Buzkill (2022): Let me tell you, when you start your animated short off with a logo that says Canon Pictures and looks like Cannon Films, I’m going to love what comes next.

That said, it’s easy to love this movie, which is the story of Becky (Kelly McCormack, who is Jess McCready in the A League of Their Own Series) and Rick (Peter Ahern, also the director and writer), who return to her house after a date and their moment of romance is interrupted by an insect crawling out of her eyeball.

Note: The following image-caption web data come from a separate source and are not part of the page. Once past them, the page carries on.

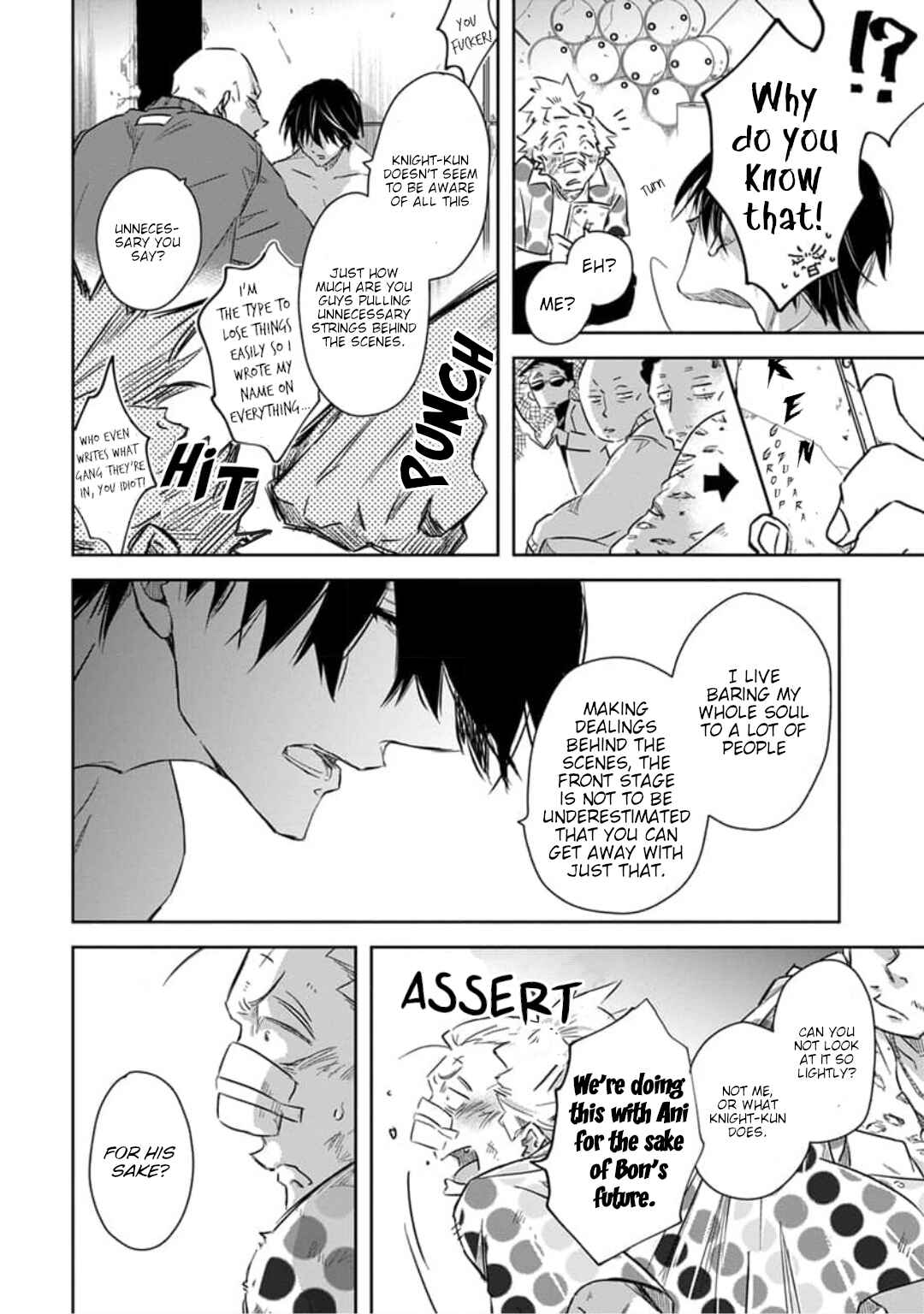 Page 13 Chapter 31 Dakaretai Otoko Ichii ni Odosarete Imasu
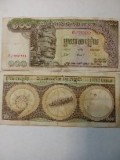 Cambodia Cambogia 100 riels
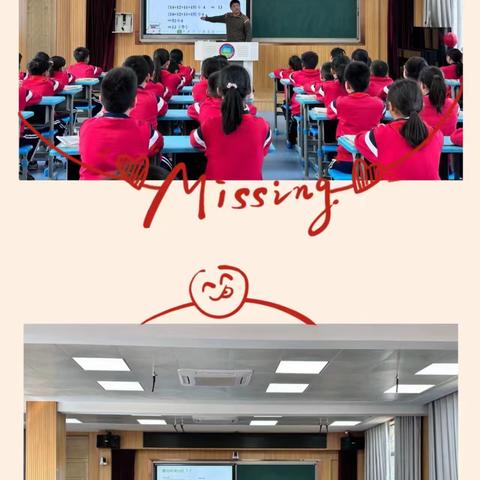 教学之路，砥砺前行---北园小学数学教研活动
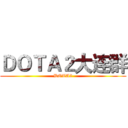 ＤＯＴＡ２大连群 (DOTA2)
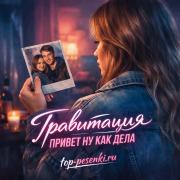 Гравитация - ПРИВЕТ НУ КАК ДЕЛА
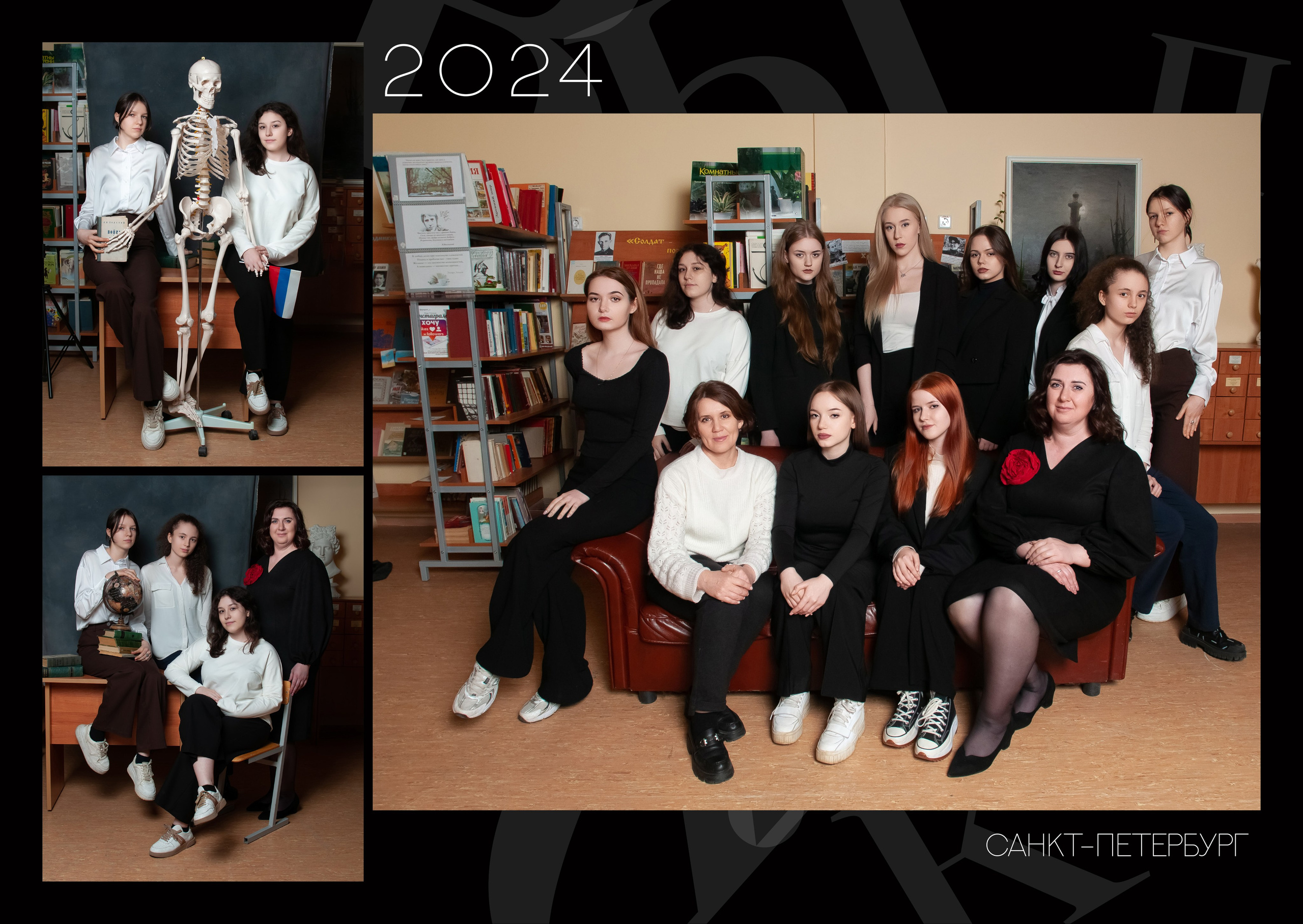 Выпускной альбом школа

The animation is gorgeous, the story is amusing and I just loved the way that it all pays off. Buzzkill gets in more gross-out and laugh-out-loud moments in its short running time than most movies get in two hours.

FANTASTIC FEST 2022: Fantastic Shorts

Feast your eyes and ears on this eclectic smorgasbord of the year’s finest fantastic shorts!

The Coupon (2021): Wendy (director Laura Seay) gave her husband (writer Micah Cohen) a silly coupon book for his birthday, including a get one oral favor free offer. You never cash in these coupons. But when he runs over a man (Adam J. Harrington) and doesn’t want to report it to insurance, he ends up giving him all the money in his wallet, as well as the coupon and a ride to the hospital. Now, the coupon has come back to be collected.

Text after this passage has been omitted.